- 4 slices good-quality white bread or sliced peasant bread, torn
- 1 cup whole milk
- 1 1/2 pounds ground beef, pork and veal mix
- 1 egg
- Salt and freshly ground black pepper
- 4 cloves garlic, minced
- 1/2 cup finely chopped flat-leaf parsley
- 1/2 to 2/3 cup grated Parmigiano-Reggiano, a couple generous handfuls
- Extra-virgin olive oil, for liberal drizzling, plus 2 tablespoons
- 2 cubanelle peppers, chopped
- 1 red onion, chopped
- 3 tablespoons tomato paste
- 2 tablespoons all-purpose flour
- 2 cups beef stock
- 2 tablespoons Worcestershire sauce
Preheat the oven to 425 degrees F.
In a large bowl, add the bread and the milk and let soak for a few minutes then wring out the moisture.
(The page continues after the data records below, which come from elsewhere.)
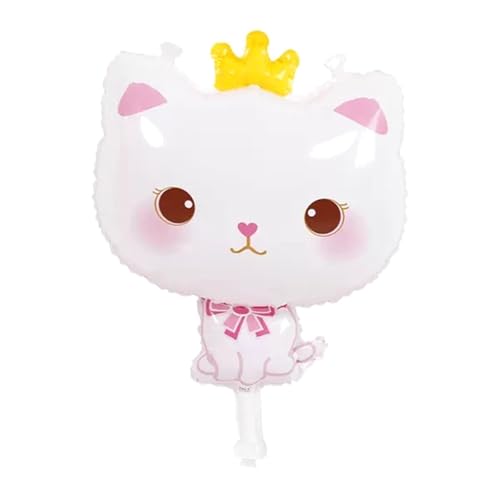 1PC Niedliche Prinzessin Krone weiße Katze Aluminium folie Ballon, Mädchen Geburtstags feier Dekoration, Vergnügung spark Hand ballons von AOYEAH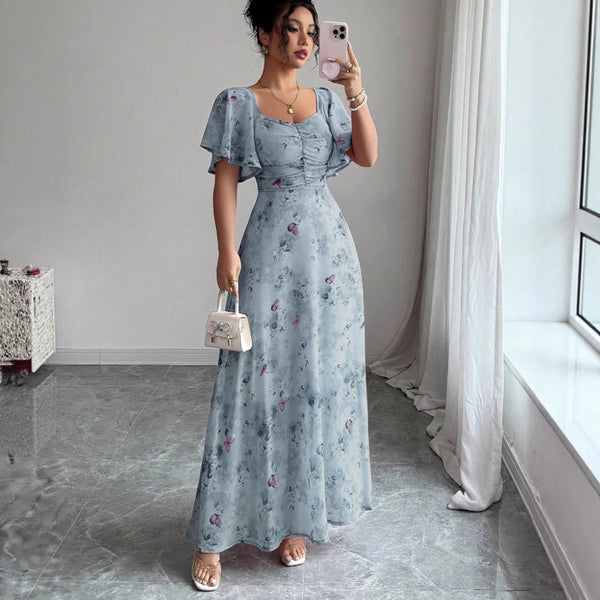 Flowers Printed Lotus Sleeve Dress Summer Elegant Slim Dresses Women's Clothing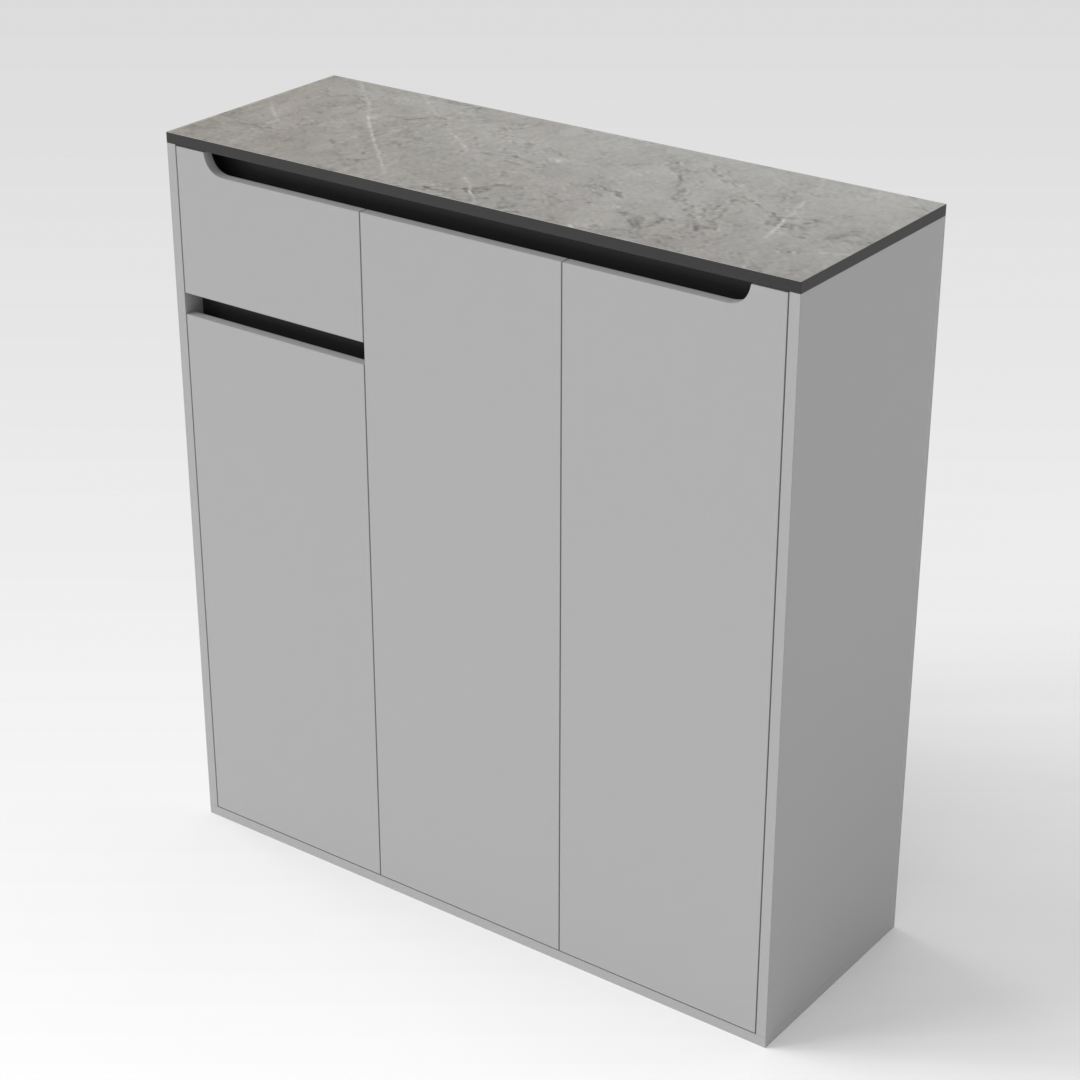 Light Gray & Brown Stone-Grain Top Shoe Cabinet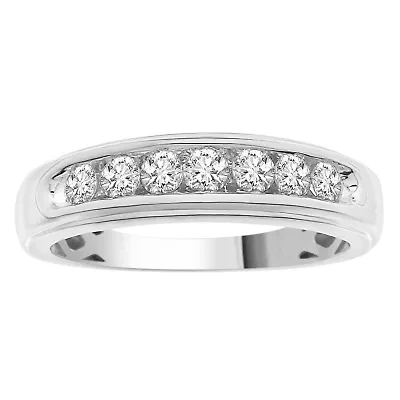 1/2ct. t.w. Diamond Men's Band in 10K White Gold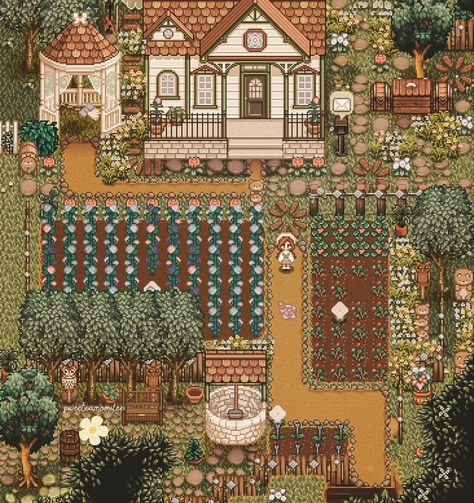 Stardew Farms, Stardew Valley Layout, Stardew Valley Tips, Stardew Valley Farms, Base Building, Farm Layout, Farm Games, Pixel Art Tutorial, Farm Design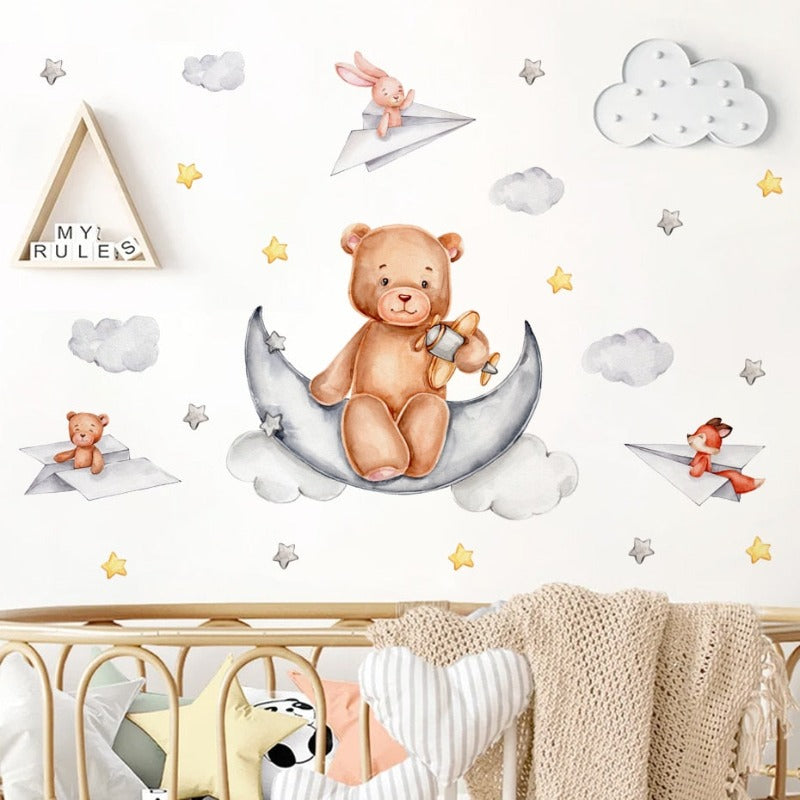 Moon Clouds Teddy Bear Nursery Children Wall Decals - Just Kidding Store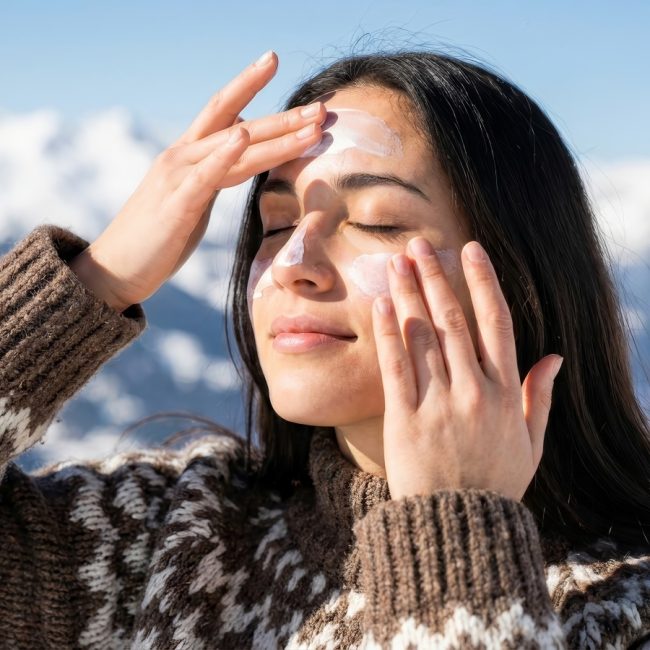 woman applying sunscreen in the winter mountains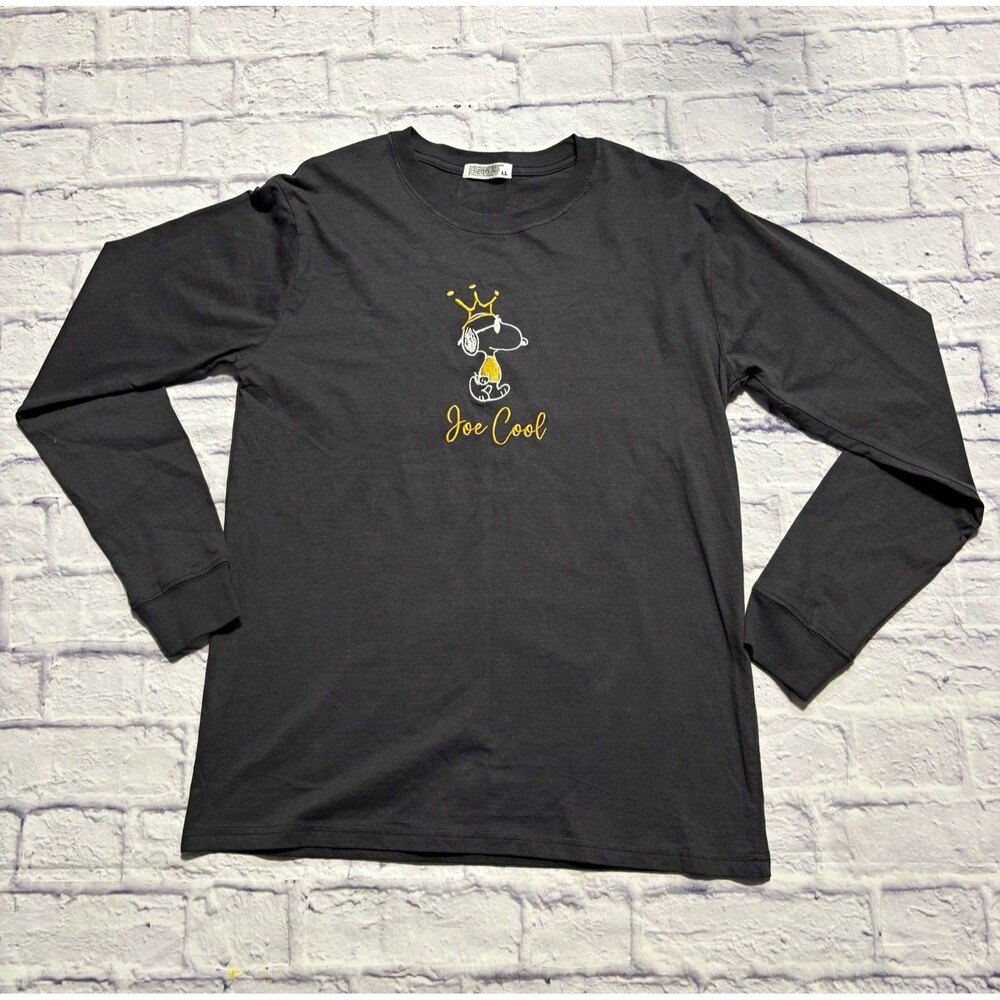 Peanuts Joe Cool Snoopy Gray Long Sleeve Crew Neck Embroidered Cotton T-Shirt L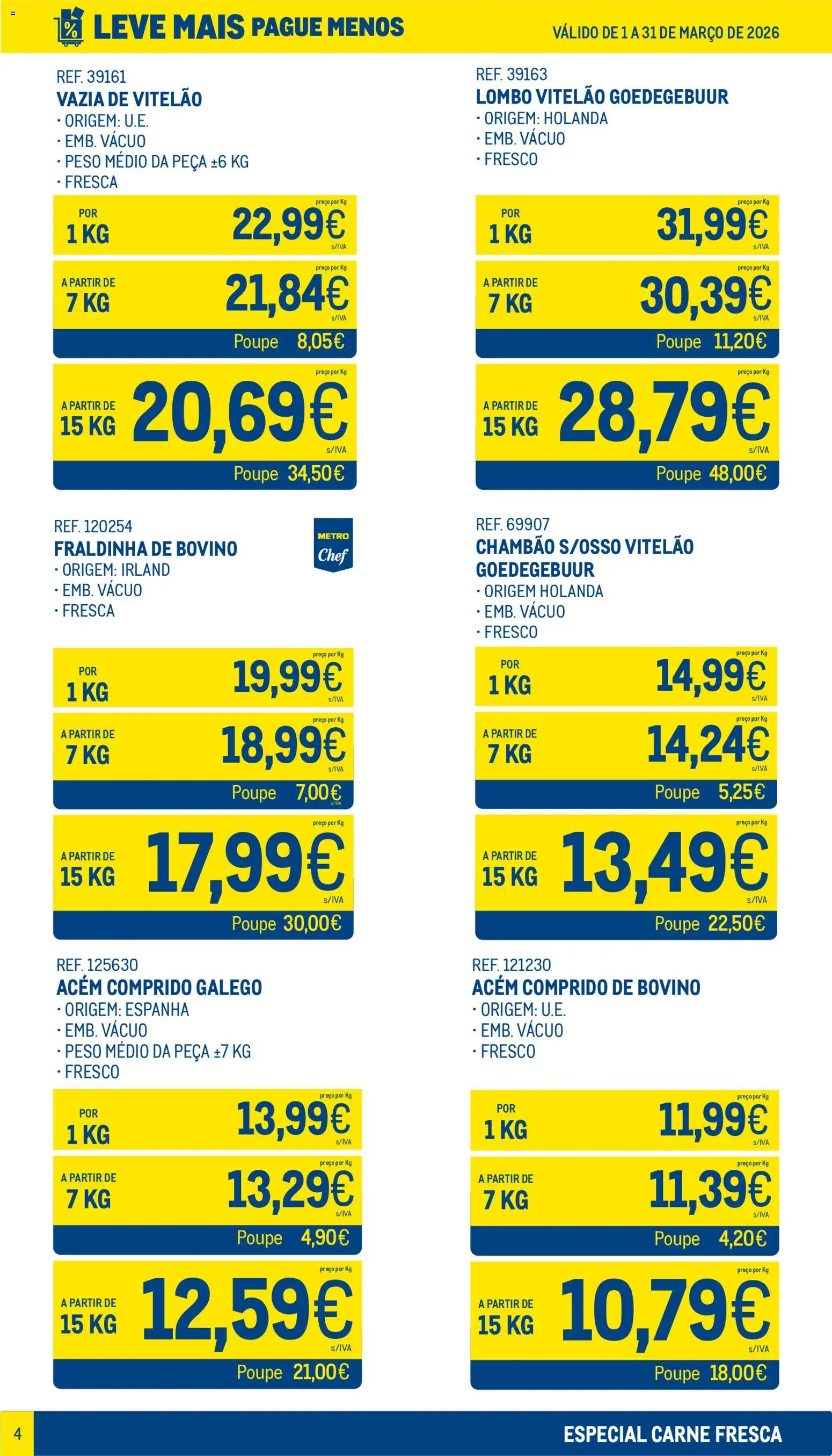 Makro Leve Mais Pague Menos - Carne Fresca │ válido de 01.03.2026 | Página: 4 | Produtos: Lombo, Carne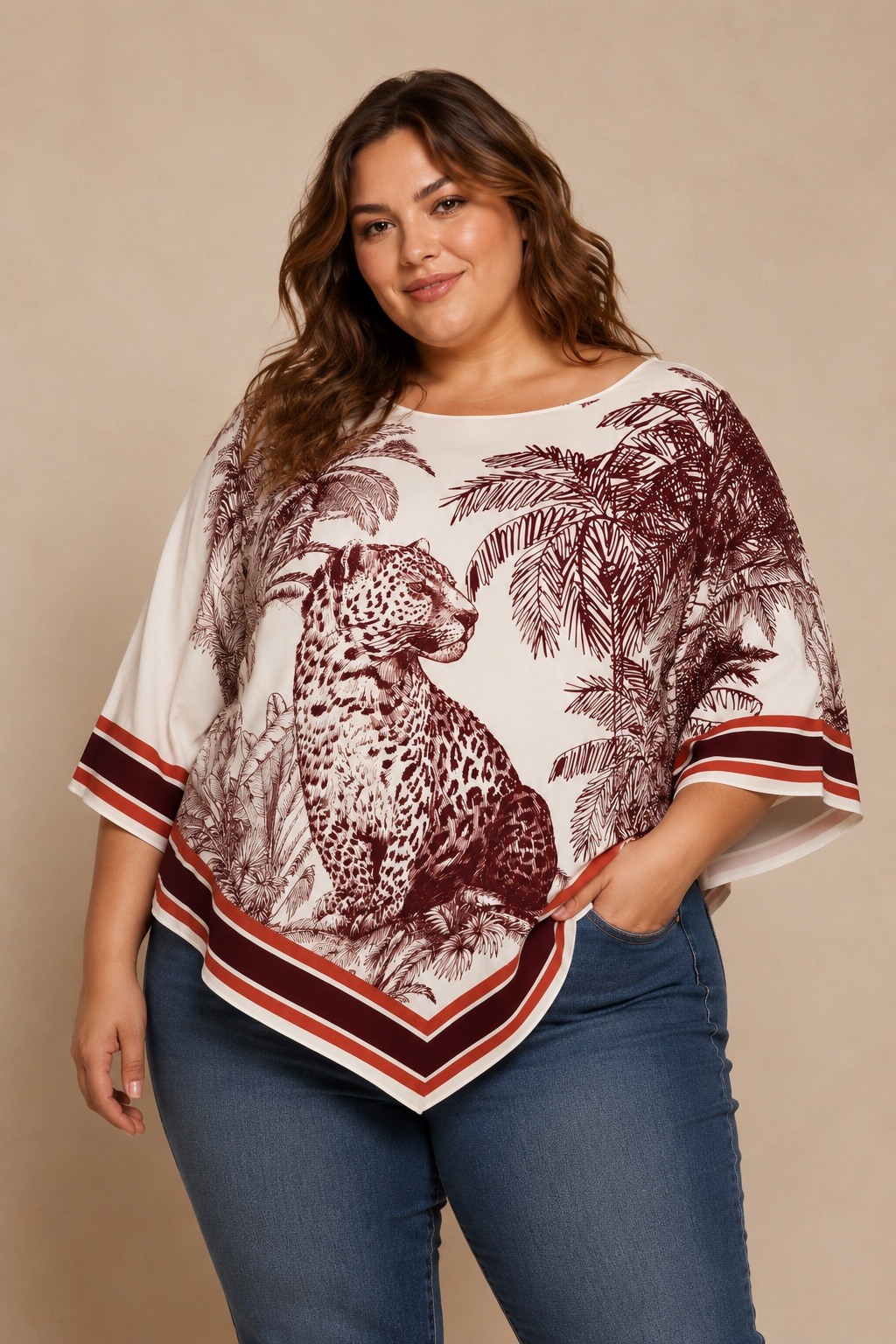 Wholesaler E&F - PRINTED PONCHO TOP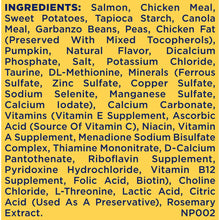 Ingredients list: salmon, chicken meal, sweet potatoes, tapioca starch, peas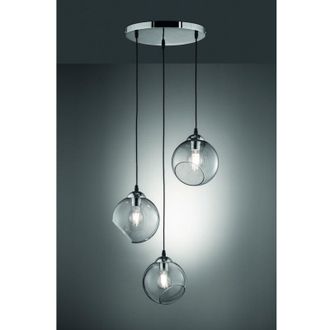 Reality Clooney Suspensi&oacute;n 3 Esferas Cristal Ahumado &Oslash;35 Cm Trio Iluminaci&oacute;n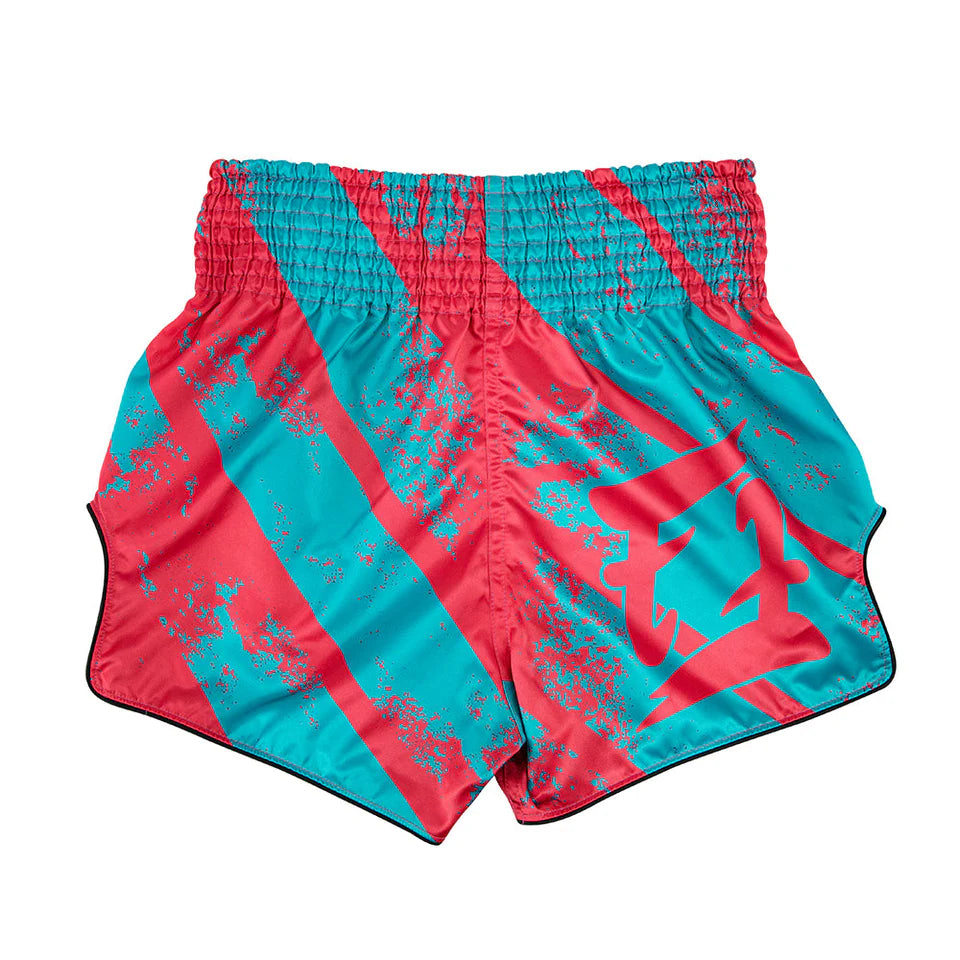 Red and teal Muay Thai shorts with abstract pattern on a white background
In another large mixing bowl add the meat and the soaked bread. Add the egg, salt and pepper, to taste, the garlic, parsley, cheese and a drizzle of extra-virgin olive oil. Mix to combine and form into 4 mini oval loaves, about 2-inches thick.
Arrange the loaves on a medium nonstick baking sheet and drizzle the tops with a little extra-virgin olive oil. Roast in oven for 20 minutes.
While meat is roasting, put a medium skillet or sauce pot on the stove over medium heat, and add 2 tablespoons olive oil. Add the peppers and the onions, season with salt and pepper, to taste, and saute for 10 minutes. Stir in the tomato paste, cook for 1 minute, then sprinkle in the flour and stir for 1 minute more. Whisk in the stock and Worcestershire, and season again with salt and pepper, to taste. Reduce the heat and let simmer until ready to serve.
Remove the meatloaves from the oven to a serving platter and serve with lots of chunky pepper and onion gravy on top.